REQUIRED WORK
A complete answer includes every line below with the word "Package".

Caption-style text data

::::::::::

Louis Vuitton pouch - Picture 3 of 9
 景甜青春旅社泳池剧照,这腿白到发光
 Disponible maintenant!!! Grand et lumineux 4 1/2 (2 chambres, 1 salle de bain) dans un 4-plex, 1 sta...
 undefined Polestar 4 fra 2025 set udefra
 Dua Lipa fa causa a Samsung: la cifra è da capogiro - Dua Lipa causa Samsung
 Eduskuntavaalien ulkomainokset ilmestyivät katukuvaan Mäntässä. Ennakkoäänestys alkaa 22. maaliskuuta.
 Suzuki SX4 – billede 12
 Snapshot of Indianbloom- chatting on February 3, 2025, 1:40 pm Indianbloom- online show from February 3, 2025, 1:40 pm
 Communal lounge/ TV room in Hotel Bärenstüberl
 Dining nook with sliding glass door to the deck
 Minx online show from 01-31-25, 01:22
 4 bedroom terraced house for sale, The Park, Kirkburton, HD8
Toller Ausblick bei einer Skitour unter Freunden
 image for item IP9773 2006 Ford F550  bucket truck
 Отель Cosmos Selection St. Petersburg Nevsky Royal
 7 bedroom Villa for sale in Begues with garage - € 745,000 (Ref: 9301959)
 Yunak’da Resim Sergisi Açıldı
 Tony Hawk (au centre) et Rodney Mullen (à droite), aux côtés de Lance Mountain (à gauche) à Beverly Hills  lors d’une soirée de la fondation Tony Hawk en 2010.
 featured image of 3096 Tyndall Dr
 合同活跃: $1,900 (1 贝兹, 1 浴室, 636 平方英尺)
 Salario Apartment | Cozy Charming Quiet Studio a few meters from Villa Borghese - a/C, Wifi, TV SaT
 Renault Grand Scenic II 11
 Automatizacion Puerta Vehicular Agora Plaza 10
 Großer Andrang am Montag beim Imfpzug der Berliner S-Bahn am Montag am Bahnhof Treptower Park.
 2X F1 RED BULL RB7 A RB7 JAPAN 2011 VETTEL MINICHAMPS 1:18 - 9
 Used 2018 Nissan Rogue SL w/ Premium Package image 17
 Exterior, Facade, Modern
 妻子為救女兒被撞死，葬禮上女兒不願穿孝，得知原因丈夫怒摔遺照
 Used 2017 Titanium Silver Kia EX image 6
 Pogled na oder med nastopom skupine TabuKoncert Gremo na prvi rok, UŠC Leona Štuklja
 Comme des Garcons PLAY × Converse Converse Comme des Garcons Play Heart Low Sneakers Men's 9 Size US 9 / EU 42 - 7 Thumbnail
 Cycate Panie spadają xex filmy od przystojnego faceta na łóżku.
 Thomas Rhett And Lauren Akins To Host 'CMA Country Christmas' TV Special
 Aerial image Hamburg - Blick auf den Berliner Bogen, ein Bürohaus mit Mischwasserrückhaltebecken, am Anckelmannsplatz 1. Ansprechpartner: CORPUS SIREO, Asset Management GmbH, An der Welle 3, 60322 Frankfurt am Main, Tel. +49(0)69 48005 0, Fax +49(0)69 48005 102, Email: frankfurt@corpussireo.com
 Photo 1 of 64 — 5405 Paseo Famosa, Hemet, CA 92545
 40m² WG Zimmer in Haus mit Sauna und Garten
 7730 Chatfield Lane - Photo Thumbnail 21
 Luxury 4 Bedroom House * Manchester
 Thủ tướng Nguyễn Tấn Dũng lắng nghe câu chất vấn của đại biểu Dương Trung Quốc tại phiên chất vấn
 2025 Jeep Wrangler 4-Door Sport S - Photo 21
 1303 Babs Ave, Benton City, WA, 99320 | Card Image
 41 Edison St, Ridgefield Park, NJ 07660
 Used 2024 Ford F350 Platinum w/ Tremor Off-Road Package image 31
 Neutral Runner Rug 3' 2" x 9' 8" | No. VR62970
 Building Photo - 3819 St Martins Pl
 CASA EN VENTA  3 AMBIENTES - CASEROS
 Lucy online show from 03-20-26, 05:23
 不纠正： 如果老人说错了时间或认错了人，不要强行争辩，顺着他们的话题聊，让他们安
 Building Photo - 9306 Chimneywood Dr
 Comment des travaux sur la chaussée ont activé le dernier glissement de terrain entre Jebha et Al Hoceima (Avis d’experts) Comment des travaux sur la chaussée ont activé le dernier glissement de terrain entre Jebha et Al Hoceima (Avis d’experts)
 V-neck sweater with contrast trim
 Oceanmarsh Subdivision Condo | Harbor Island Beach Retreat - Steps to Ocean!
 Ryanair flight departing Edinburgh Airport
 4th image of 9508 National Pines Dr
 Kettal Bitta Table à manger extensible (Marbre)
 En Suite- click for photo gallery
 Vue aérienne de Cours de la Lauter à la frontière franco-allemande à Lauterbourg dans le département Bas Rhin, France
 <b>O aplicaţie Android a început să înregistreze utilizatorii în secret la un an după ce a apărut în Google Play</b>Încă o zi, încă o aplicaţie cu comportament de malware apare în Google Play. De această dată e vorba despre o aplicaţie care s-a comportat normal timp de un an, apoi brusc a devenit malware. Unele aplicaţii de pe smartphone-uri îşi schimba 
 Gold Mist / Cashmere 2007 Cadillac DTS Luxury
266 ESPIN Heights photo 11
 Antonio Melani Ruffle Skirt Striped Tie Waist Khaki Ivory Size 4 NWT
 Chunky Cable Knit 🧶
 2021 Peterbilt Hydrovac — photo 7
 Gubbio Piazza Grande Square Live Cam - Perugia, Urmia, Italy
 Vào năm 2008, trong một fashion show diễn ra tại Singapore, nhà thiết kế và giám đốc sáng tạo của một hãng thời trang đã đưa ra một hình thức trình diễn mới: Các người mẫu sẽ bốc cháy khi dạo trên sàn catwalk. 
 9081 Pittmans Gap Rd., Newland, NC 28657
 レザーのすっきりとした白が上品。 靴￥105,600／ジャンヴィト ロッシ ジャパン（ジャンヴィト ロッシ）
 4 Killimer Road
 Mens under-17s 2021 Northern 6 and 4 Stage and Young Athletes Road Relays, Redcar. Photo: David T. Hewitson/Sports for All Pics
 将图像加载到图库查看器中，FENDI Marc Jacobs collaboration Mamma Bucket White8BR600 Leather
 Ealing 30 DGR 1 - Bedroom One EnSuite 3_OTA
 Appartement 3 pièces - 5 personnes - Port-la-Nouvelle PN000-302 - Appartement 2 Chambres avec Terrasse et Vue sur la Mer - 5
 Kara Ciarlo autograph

::::::::::

WRITTEN RESPONSE
 Used 2018 Nissan Rogue SL w/ Premium Package image 17
 Used 2024 Ford F350 Platinum w/ Tremor Off-Road Package image 31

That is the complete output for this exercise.